EXCERPTED DATA:
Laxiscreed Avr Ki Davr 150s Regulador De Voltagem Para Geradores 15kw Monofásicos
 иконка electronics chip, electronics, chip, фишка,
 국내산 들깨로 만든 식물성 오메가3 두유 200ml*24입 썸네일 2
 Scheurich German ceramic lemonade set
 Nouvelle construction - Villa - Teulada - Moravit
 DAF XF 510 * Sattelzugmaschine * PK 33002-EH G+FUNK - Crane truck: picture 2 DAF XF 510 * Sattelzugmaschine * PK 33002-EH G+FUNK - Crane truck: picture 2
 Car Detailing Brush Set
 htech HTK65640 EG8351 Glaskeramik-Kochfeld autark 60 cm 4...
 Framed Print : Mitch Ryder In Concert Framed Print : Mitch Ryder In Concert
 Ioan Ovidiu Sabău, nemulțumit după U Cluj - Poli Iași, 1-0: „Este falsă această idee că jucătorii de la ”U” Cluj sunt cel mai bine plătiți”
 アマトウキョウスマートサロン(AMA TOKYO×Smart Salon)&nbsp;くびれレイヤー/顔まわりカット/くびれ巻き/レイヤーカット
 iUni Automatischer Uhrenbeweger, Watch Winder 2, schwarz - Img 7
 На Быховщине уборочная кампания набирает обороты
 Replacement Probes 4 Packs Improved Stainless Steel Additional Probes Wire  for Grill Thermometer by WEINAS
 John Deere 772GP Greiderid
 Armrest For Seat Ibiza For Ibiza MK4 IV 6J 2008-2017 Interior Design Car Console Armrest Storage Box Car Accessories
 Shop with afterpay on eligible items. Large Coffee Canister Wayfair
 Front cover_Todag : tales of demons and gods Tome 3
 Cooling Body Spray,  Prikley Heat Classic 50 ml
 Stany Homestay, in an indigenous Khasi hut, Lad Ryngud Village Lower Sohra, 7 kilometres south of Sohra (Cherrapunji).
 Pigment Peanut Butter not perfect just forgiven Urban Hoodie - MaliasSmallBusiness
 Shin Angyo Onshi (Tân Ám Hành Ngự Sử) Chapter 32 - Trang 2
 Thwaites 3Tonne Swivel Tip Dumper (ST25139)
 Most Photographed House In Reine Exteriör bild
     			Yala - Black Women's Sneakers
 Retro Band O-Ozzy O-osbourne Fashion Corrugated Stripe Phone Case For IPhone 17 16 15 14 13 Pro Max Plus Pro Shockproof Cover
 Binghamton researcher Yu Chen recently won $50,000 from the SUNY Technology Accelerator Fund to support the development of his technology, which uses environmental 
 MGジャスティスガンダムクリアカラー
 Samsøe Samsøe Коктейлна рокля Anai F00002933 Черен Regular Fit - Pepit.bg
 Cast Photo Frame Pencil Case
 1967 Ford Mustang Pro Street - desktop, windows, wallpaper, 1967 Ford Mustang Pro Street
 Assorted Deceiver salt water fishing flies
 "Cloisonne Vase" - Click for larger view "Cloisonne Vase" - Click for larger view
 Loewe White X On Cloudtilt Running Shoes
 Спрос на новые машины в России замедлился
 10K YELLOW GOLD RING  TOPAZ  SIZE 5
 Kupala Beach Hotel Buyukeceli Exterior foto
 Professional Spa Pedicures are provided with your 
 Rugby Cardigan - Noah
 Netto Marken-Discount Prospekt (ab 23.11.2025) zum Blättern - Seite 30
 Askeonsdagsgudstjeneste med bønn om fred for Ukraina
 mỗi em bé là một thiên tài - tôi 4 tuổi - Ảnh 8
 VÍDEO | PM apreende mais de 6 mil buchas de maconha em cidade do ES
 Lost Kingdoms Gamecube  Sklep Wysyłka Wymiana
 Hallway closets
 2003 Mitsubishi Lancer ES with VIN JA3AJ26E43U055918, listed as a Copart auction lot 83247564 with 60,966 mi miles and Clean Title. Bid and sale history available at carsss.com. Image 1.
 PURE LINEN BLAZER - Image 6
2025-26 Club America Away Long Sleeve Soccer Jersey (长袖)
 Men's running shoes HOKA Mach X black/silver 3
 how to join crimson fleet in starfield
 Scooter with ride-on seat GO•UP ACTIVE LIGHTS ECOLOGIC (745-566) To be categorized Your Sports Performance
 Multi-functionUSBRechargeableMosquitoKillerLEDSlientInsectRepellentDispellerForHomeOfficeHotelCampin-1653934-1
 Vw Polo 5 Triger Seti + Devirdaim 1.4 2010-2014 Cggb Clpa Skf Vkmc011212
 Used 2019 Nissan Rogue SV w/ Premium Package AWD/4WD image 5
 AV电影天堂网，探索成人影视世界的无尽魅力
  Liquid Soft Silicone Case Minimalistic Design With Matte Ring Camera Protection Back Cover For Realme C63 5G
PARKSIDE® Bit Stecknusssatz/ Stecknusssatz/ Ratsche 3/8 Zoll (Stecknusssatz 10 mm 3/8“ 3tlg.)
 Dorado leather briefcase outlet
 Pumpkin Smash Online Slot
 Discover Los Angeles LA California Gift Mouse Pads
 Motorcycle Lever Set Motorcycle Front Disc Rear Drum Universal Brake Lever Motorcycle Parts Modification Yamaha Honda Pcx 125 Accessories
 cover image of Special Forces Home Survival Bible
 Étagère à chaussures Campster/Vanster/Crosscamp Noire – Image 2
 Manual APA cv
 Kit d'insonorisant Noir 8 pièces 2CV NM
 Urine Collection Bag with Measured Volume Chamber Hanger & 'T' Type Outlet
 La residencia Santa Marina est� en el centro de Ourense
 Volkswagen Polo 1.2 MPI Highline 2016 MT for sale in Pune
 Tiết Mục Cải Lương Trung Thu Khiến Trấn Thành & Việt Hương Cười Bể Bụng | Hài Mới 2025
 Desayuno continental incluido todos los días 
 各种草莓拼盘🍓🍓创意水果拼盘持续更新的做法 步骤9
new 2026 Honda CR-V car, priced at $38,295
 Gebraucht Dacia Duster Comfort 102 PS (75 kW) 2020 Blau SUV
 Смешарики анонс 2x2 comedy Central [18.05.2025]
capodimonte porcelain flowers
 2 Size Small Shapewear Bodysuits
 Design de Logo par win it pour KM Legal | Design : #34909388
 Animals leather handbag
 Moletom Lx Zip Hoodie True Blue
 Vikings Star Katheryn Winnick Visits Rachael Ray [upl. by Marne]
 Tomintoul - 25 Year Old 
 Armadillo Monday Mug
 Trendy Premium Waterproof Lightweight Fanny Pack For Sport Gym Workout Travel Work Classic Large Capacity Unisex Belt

PROBLEM TO WORK ON: Above are the records; print exactly the lines from the line with "Front cover_Todag : tales" to the line with "Pigment Peanut Butter", including both, and nothing else.

OUTPUT BELOW:
 Front cover_Todag : tales of demons and gods Tome 3
 Cooling Body Spray,  Prikley Heat Classic 50 ml
 Stany Homestay, in an indigenous Khasi hut, Lad Ryngud Village Lower Sohra, 7 kilometres south of Sohra (Cherrapunji).
 Pigment Peanut Butter not perfect just forgiven Urban Hoodie - MaliasSmallBusiness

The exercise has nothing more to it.